:: DATA FOR PROCESSING ::

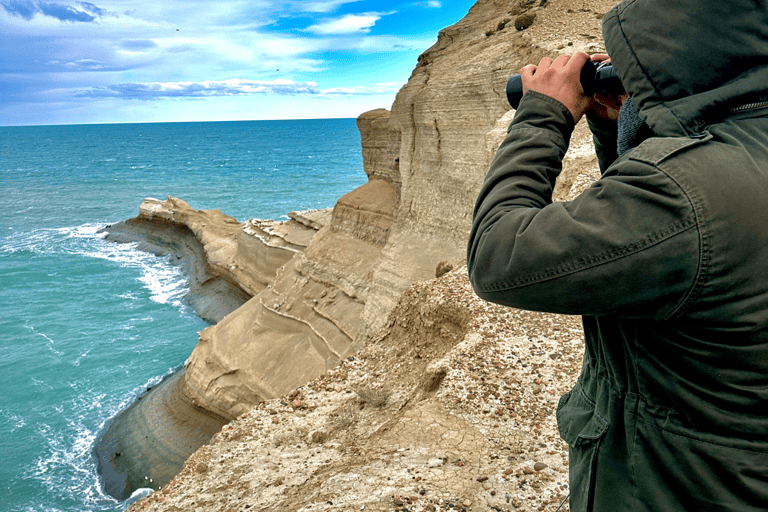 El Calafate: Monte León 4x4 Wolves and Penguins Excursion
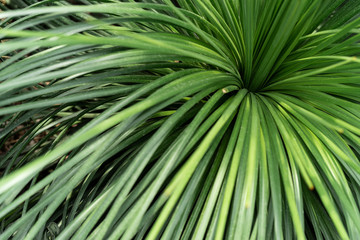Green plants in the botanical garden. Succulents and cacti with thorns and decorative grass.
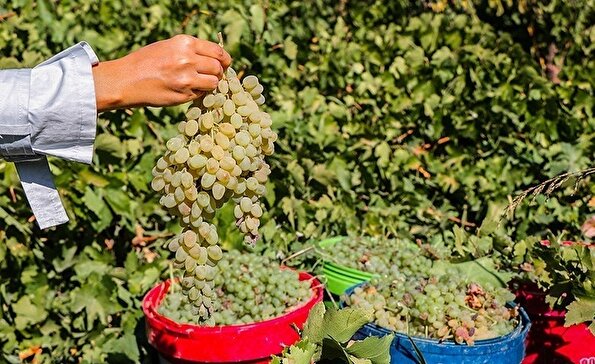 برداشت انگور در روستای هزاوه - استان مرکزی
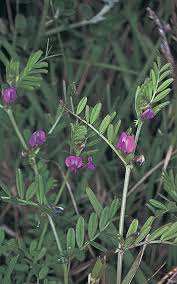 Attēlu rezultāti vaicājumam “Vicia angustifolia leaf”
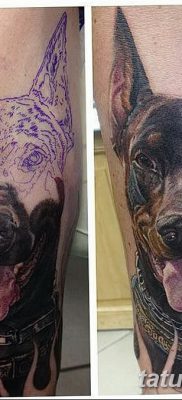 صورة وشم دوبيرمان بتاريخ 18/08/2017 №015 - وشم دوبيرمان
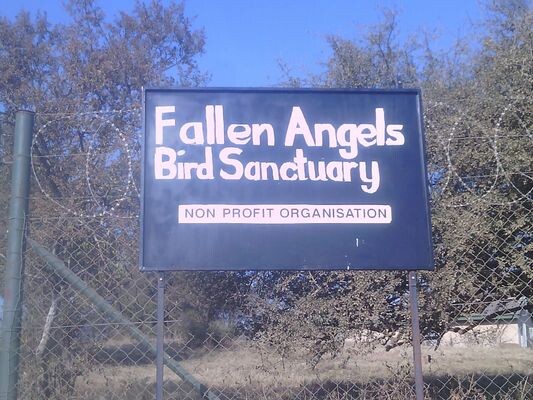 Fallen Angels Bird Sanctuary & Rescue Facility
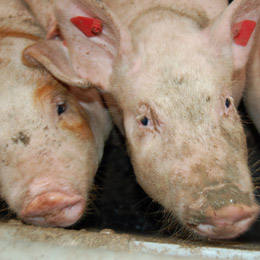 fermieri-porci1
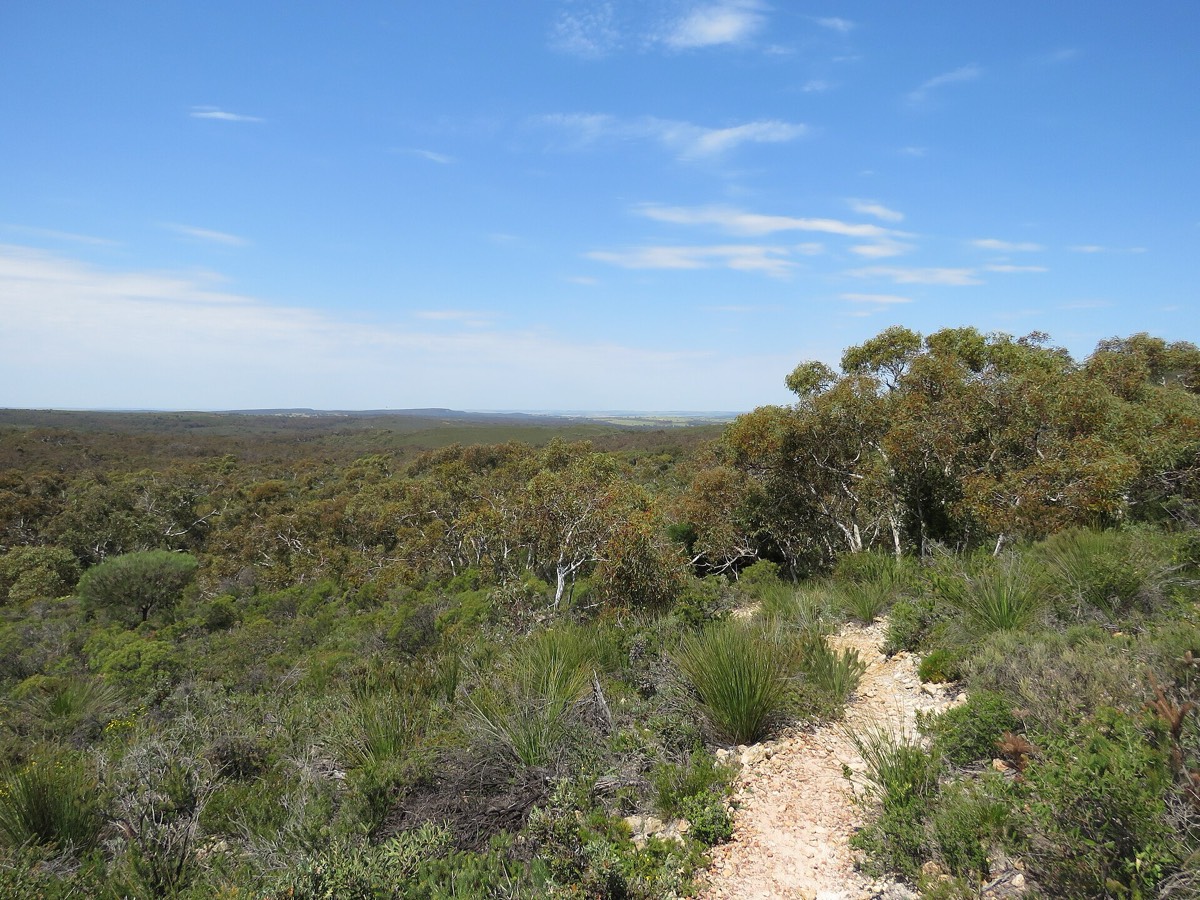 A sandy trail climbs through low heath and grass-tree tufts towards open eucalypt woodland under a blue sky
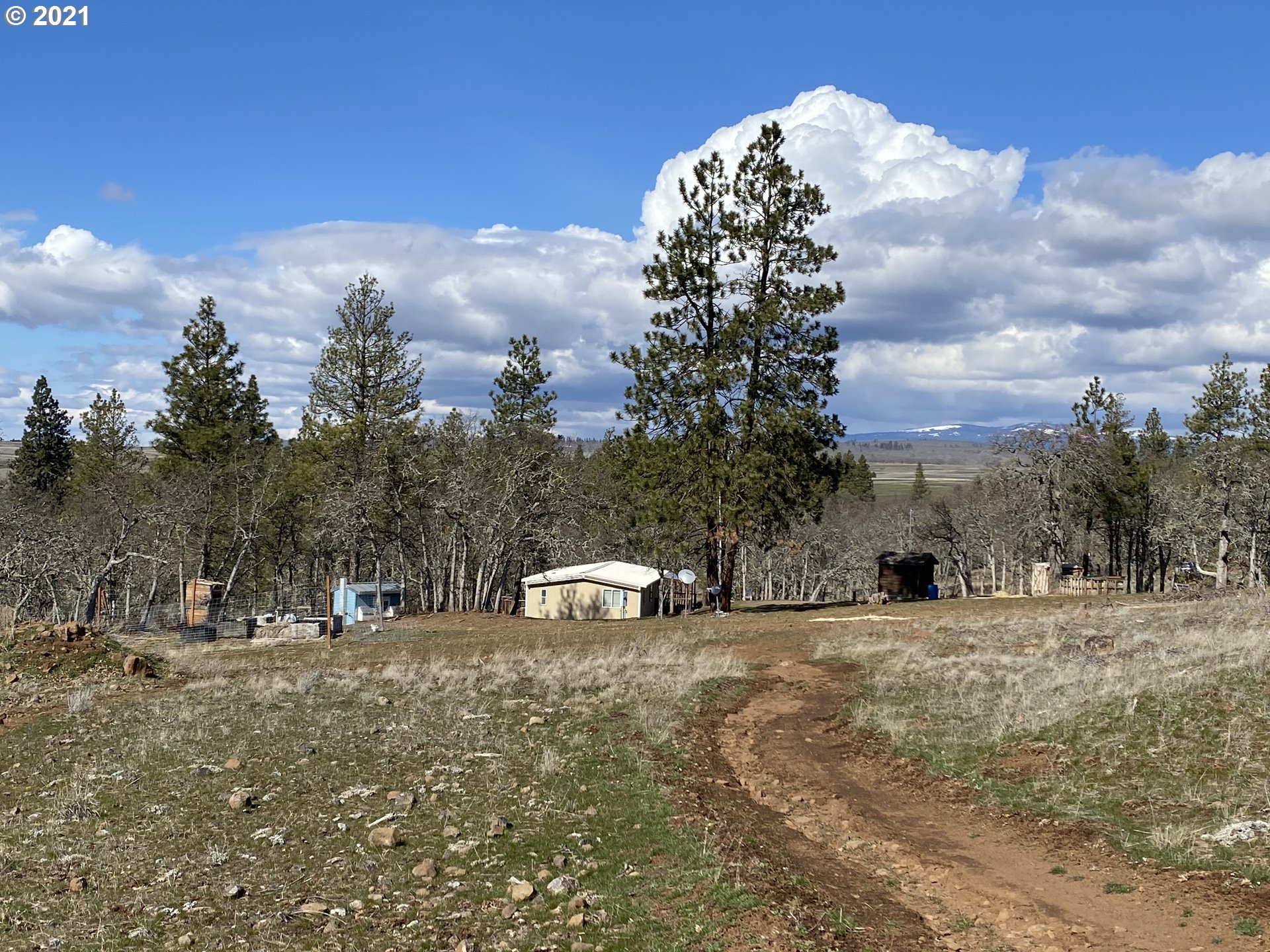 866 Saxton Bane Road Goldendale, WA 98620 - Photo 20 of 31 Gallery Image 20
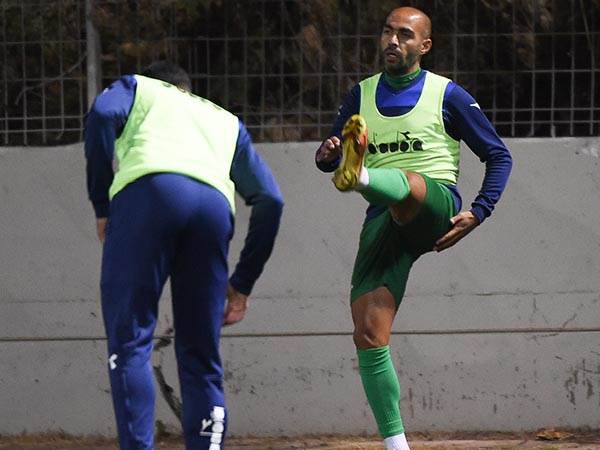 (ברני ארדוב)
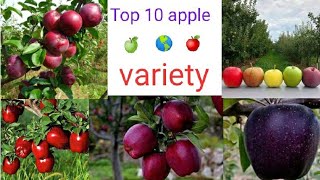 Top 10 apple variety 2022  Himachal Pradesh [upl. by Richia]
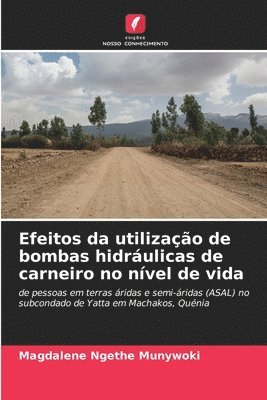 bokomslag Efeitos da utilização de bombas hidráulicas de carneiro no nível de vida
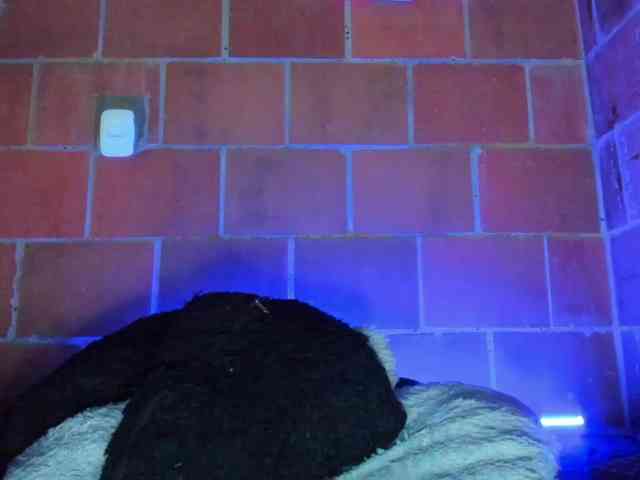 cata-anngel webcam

:::

**TASK BRIEF**
Above are the records; copy them exactly without the pictures.

**FINISHED EXERCISE**
 El Calafate: Monte León 4x4 Wolves and Penguins Excursion
Green plants in the botanical garden. Succulents and cacti with thorns and decorative grass.
 برداشت انگور در روستای هزاوه - استان مرکزی
 Attēlu rezultāti vaicājumam “Vicia angustifolia leaf”
 صورة وشم دوبيرمان بتاريخ 18/08/2017 №015 - وشم دوبيرمان
 Fallen Angels Bird Sanctuary & Rescue Facility
 fermieri-porci1
 A sandy trail climbs through low heath and grass-tree tufts towards open eucalypt woodland under a blue sky
 866 Saxton Bane Road Goldendale, WA 98620 - Photo 20 of 31 Gallery Image 20
 (ברני ארדוב)
 Top 10 apple variety 2022  Himachal Pradesh [upl. by Richia]
 bokomslag Efeitos da utilização de bombas hidráulicas de carneiro no nível de vida
 cata-anngel webcam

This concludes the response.